Suzlon Energy, a prominent player in the renewable energy sector, has announced plans for a strategic restructuring aimed at enhancing operational efficiency and optimizing resources. The company’s board has approved the merger of Suzlon Global Services, a wholly-owned subsidiary, with itself, alongside the transfer of its project business through a slump sale to one or more wholly-owned subsidiaries.
Additionally, Suzlon will undertake a capital reorganization exercise through a Scheme of Arrangement, involving the reclassification and transfer of general reserves to the retained earnings of the company. This restructuring initiative also includes the merger of Suzlon Energy Mauritius, another wholly-owned subsidiary, with Suzlon Energy.

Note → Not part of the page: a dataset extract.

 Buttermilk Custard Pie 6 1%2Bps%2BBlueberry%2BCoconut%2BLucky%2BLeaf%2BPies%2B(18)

According to the company, these measures aim to strengthen Suzlon’s stand-alone balance sheet by consolidating major business segments within the listed entity. The strategic realignment is geared towards optimizing financial resources, enabling effective reinvestment in areas promising better returns.

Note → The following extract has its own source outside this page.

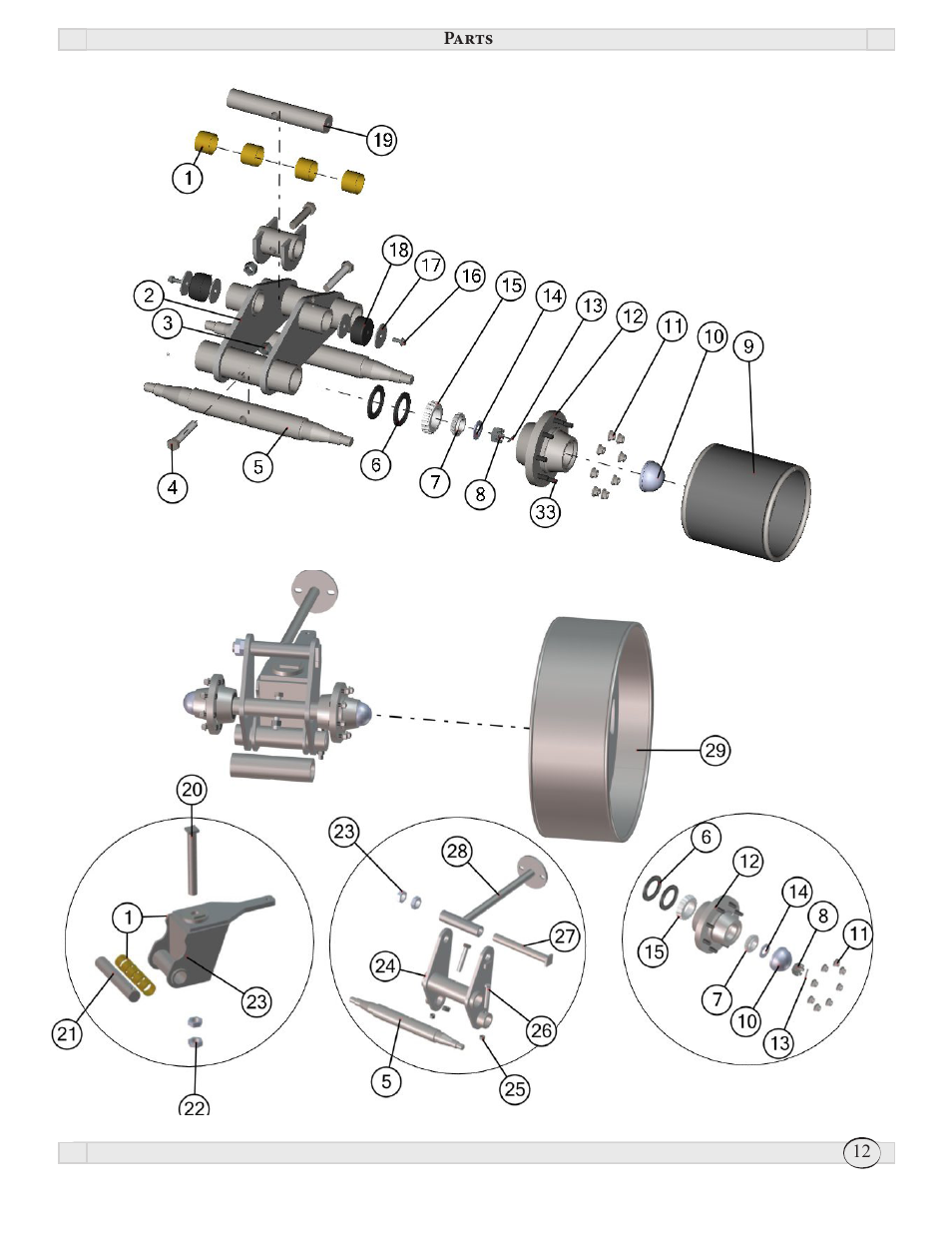 J&M Storm Tracker 2 Track system (2011 & newer) User Manual | Page 12 / 16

The merger facilitates seamless integration of wind turbine generator (WTG) and operation and maintenance service (OMS) contracts under a single entity, eliminating inter-company balances and enhancing Suzlon Energy’s net worth at a standalone level.
Furthermore, Suzlon plans to manage project execution business and land activities through separate legal entities to improve control and operational efficiency.
The merger with Suzlon Energy Mauritius is expected to streamline the company’s overseas holding structure, enhancing transparency and reducing reporting/compliance requirements and associated costs.
Commenting on the restructuring, Suzlon emphasized its commitment to strategic financial management and operational excellence, aiming to position itself for sustained growth and value creation in the renewable energy sector. The proposed restructuring is subject to regulatory approvals and other customary closing conditions.